The new high-capacity cars are expected for delivery by January and are the company’s second such order in the last two years. Ruest also noted that Canadian grain movements continue to break records, month after month.
“By investing in the construction of these new cars, we want to help quickly stimulate the North American economy by supporting manufacturing- and agriculture-related jobs,” he said.
With a healthy grain industry, Ferguson took time to share a history of the market locally.
During the 1950s with the opening of the Great Lakes-St. Lawrence Seaway System, and the arrival of the United States’ Food for Peace Program, which exported surpluses to needy countries, Duluth-Superior began to seed its grain heyday. By 1960, it saw 4 million tons shipped annually, climbing to more than 10 million tons by the 1970s.
Then things changed. The catchment area shrunk. Ferguson compared it to a watershed for the way it gave boundary to the grains that flowed into the Twin Ports. What is now North and South Dakota, Montana, Wisconsin and Minnesota, had once been a larger area, stretching all the way to Colorado. But global competition for grains grew strong and started pulling products in different directions. Railroads began to send more and more grains to the West Coast for shipments to the Far East.
Soybeans, which used to flow through the Twin Ports, now typically get on a train and move west. Duluth-Superior has been left to specialize in mostly durum wheat, canola, flax and sugar beet pulp pellets.

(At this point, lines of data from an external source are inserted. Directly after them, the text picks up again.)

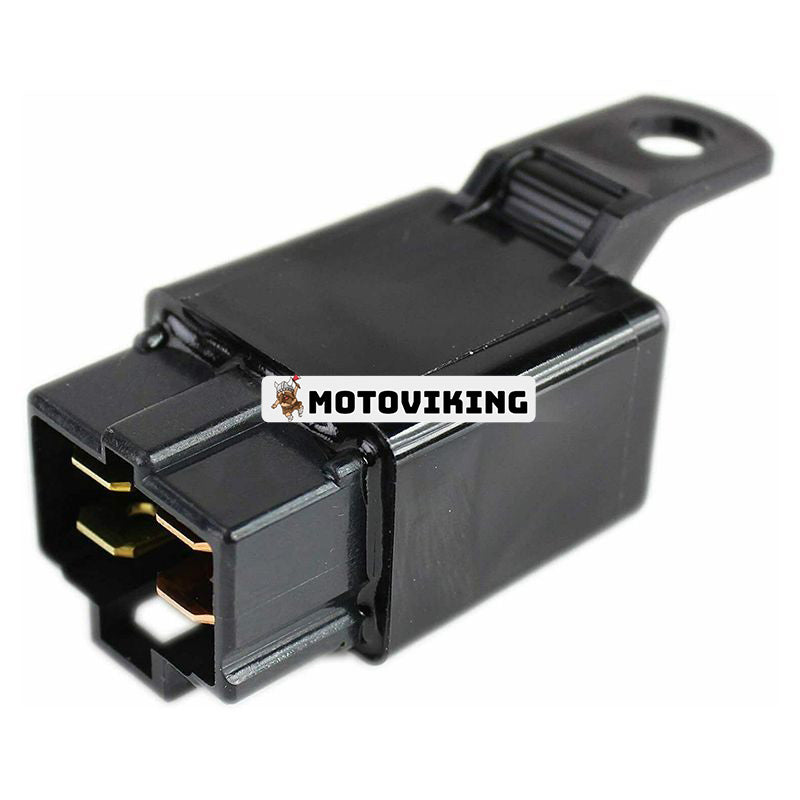 Comp Relay 68881-53540 för Kubota Engine D1403 Traktor B1700 B2100 B2400 B2410 B26 B2910 Grävmaskin KX080-3 KX121-2 KX121-3 KX161-2 KX161-3 KX911-3 KX911-3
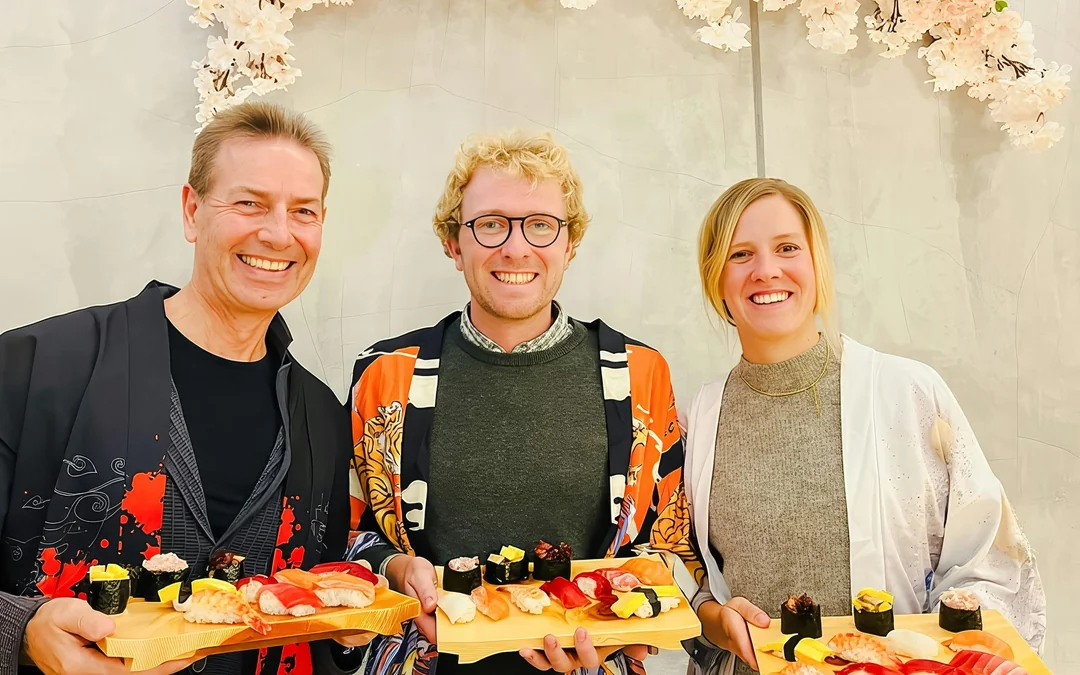 Nigiri Sushi Cooking Class Near Tokyo Tower Image 5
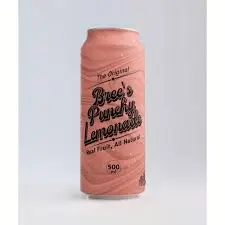 Brees Punchy Lemonade 500ml Can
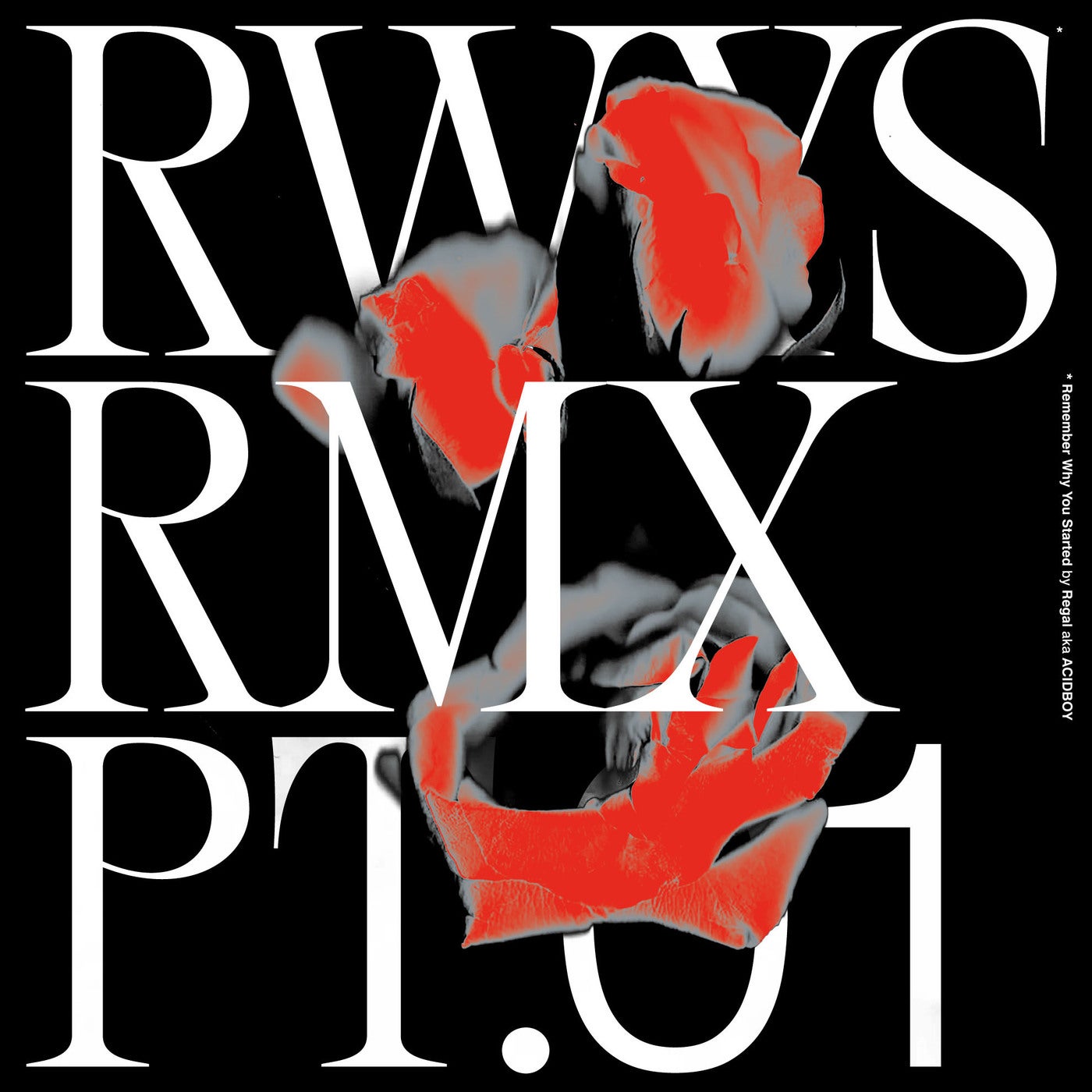 Regal (ES) - RWYS Remixes Pt. 01 [INV034]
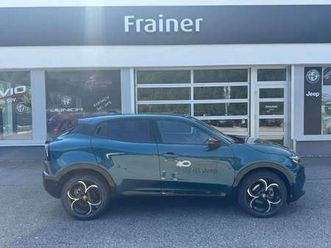 ibrida junior 1.2 mhev e-dct6 136ps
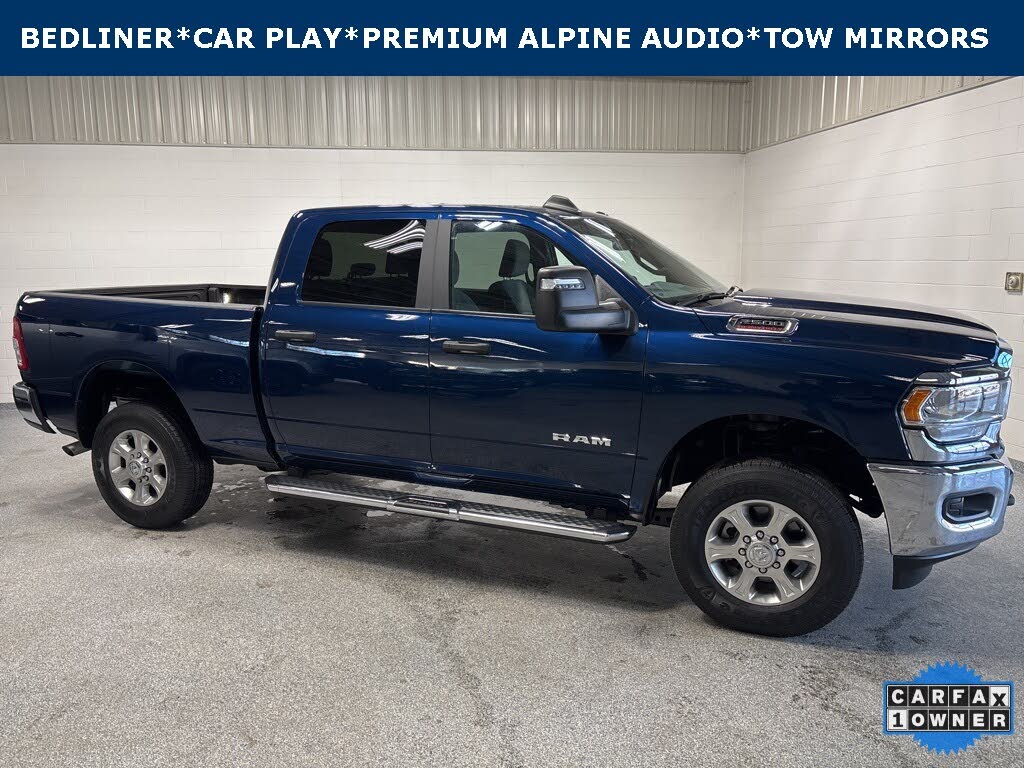 2024 RAM 2500 Big Horn Crew Cab 4WD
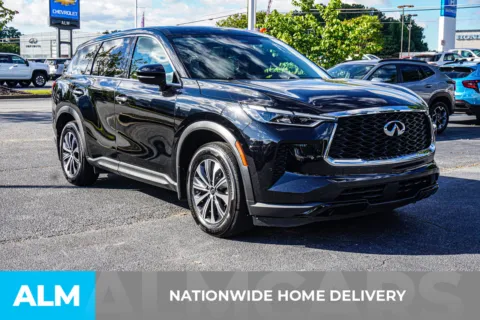 More photos of 2024 INFINITI QX60 PURE at ALM Chevrolet South, GA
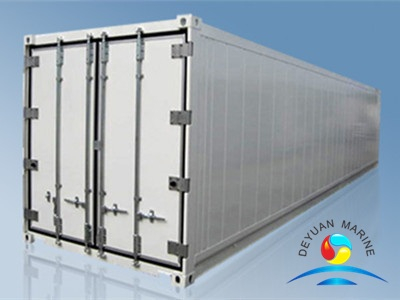 40ft Ultra-Liner Reefer Container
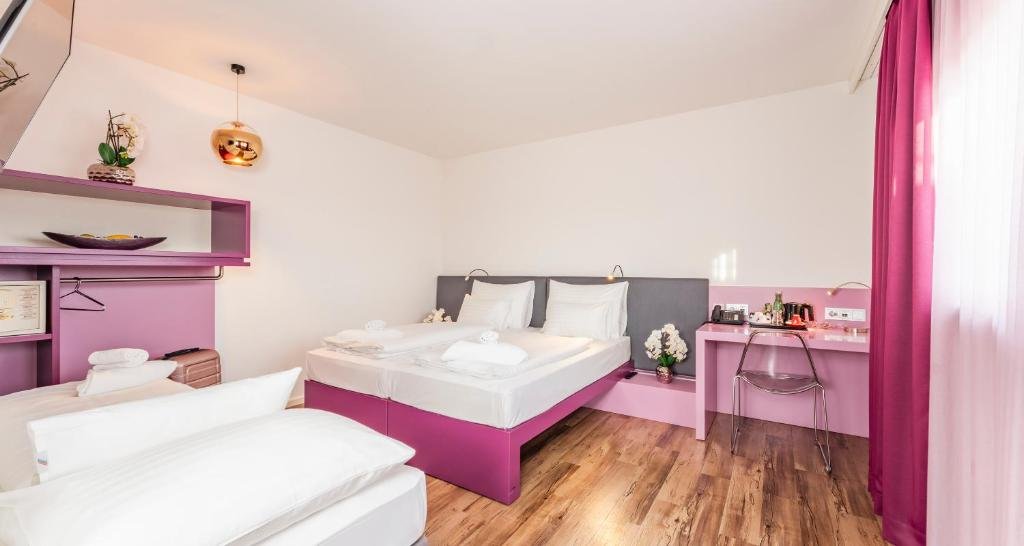 PLAZA INN Graz Messe Austria 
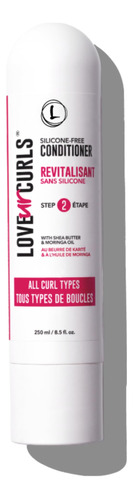 Love Ur Curls Lus Brands Acondicionador Para Cabello Rizado,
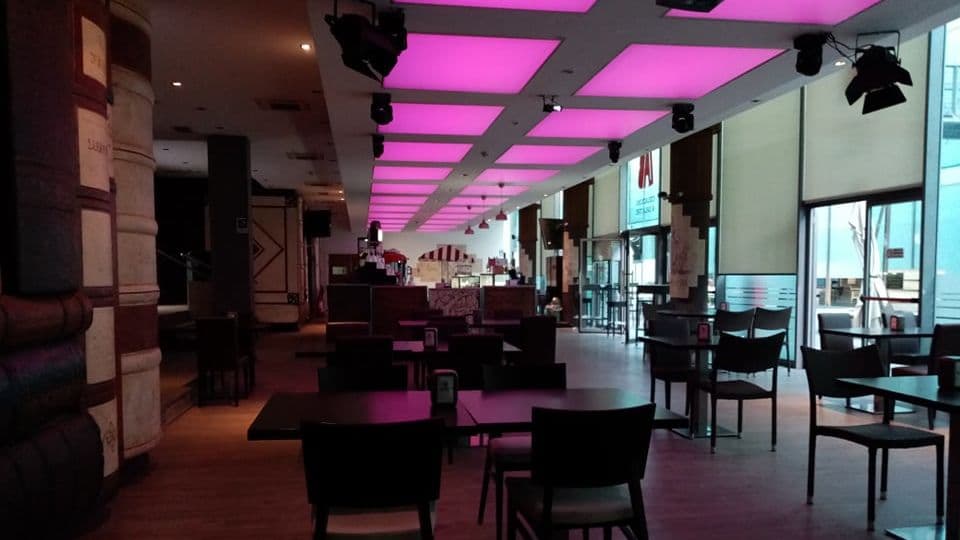 Cover ristorante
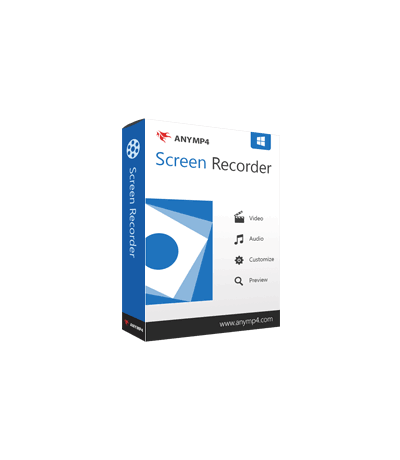 AnyMP4 Screen Recorder + | Лицензионный ключ, код. Качественная запись видео с экрана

“The other bit of competition we have here in the port of Duluth-Superior is the Mississippi River,” Ferguson said. “We don’t really think about the Mississippi River often, but the Mississippi really provides another gateway for all the same grains that go through here to go the Gulf of Mexico to be put on vessels for shipment on the water.”
Big picture, Ferguson said tonnage slippage through the years in Duluth-Superior was a good thing for the agriculture industry.
“The best thing we can do for the ag market is to give them opportunities and gateways to ship their products at the least amount of cost,” she said.
One final note on local grain movement: The advent earlier this decade of Duluth Cargo Connect, the port’s synchronized marketing brand, and the construction and arrival in 2017 of the CN Intermodal Terminal on Rice’s Point has renewed Duluth’s involvement in specialty grains by moving them in containerized volumes.
The Lake St. Clair loads wheat at Ceres Global in Duluth Wednesday, July 22. (Jed Carlson / jcarlson@superiortelegram.com)
Soybeans with special traits used in making tofu and feed grains, which are lesser quality grains, move that way.
“Tofu is very white,” Ferguson said, “and you wouldn’t want a dark-colored soybean.”
So, the total tonnage of grains in Duluth-Superior may look as if it’s lagging against historical highs, or when compared to neighboring ports. But that’s not necessarily the case.
“I’ll make one more point about containers,” Ferguson said. “We’re best at serving markets in Europe and North Africa for the way the port pops out onto the Atlantic Ocean. But the great thing about containers is all of a sudden we get to play in the West Coast market — now that we have a containerized option on the table.”